Pembelajaran berpusat pada peserta didik membelajarkan peserta didik untuk lebih aktif, kreatif dan inovatif dalam kegiatan belajar. Guru sebagai fasilitator dalam belajar sebagai motor penggerak peserta didik dalam mengeksplorasi segala potensinya baik potensi kognitif, afektif, maupun psikomotorik. Potensi peserta didik akan tereksplorasi apabila guru dalam mengimplementasikan sintaks pembelajaran lebih tepat guna sesuai kurikulum yang diamanahkan.
Kehadiran buku siswa yang selama ini ada belum mencukupi sepenuhnya akan kebutuhan siswa dan kebutuhan guru dalam kegiatan pembelajaran di kelas. Maka dari itu diperlukan bahan ajar yang memuat sintaks lebih spesifik dalam proses pembelajaran. Menurut Sistiana Windyariani, dkk (2016) bahan ajar harus memiliki kriteria layak, berkesesuaian, dengan kurikulum, menarik minat siswa, menumbuhkan motivasi, dan menstimulasi akivitas siswa, menyajikan gambar, komunikatif, logis, dan sistematis, kontekstual. Pengembangan bahan ajar dengan sintaks lebih khusus akan memudahkan guru dalam mengimplementasikan materi pembelajaran kepada peserta didik. Pengembangan bahan ajar yang baik harus berpusat pada peserta didik sehingga dengan demikian akan memberikan kesempatan pada peserta didik untuk bereksplorasi yang pada akhirnya akan membangun keterampilan berpikir kritis (critical thinking skill).
Self Regulated Learning (SRL) merupakan salah satu model pembelajaran sesuai dengan paradigma masa sekarang, karena Self Regulated Learning pembelajaran yang berpusat pada peserta didik.

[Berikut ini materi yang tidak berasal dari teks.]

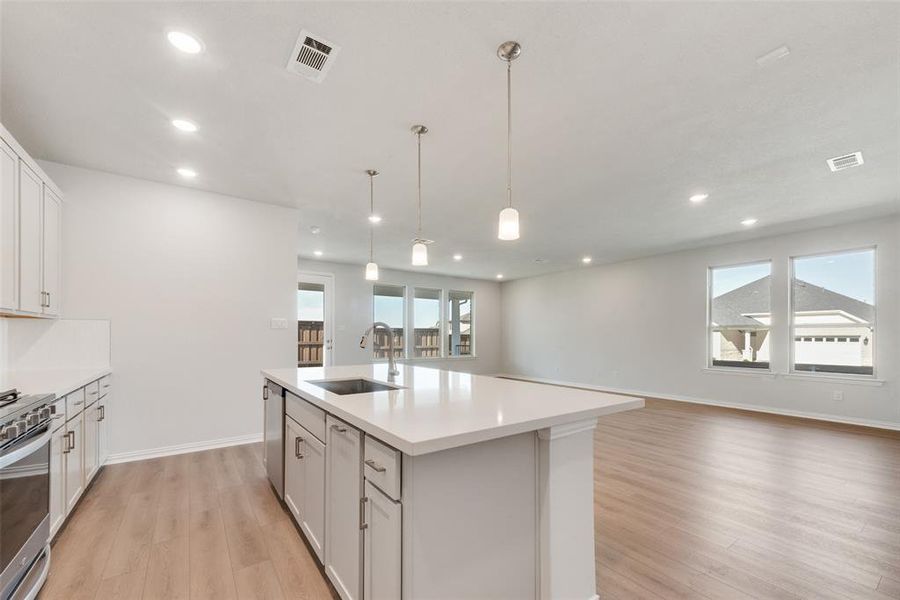 Furnished interior view inside a new home in Villages of Hurricane Creek, Anna (Image 7). Furnished interior view inside a new home in Villages of Hurricane Creek, Anna (Image 7).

Self Regulated Learning (SRL) memberikan keleluasaan kepada peserta didik untuk mengelola secara efektif pembelajarannya sendiri sehingga mencapai hasil belajar yang optimal. Peserta didik mengatur pembelajaran sendiri, maksudnya peserta didik menerapkan strategi belajar yang tepat untuk dirinya hingga memahami konsep – konsep yang dijelaskan oleh guru sebagai fasilitator belajar yang pada akhirnya peserta didik mampu menggunakan pengetahuan yang dimilikinya tersebut untuk memecahkan masalah.
Pembelajaran Self Regulated Learning (SRL) yang membelajarkan peserta didik untuk mengatur cara belajar secara mandiri, mengeksplorasi potensi diri, akan menumbuhkan pula keterampilan peserta didik dalam berpikir kritis karena dengan terbiasa belajar mandiri untuk memecahkan masalah akan membangun rasa ingin tahu sehingga menumbuhkan keterampilan berpikir kritis ( critical thinking skill ).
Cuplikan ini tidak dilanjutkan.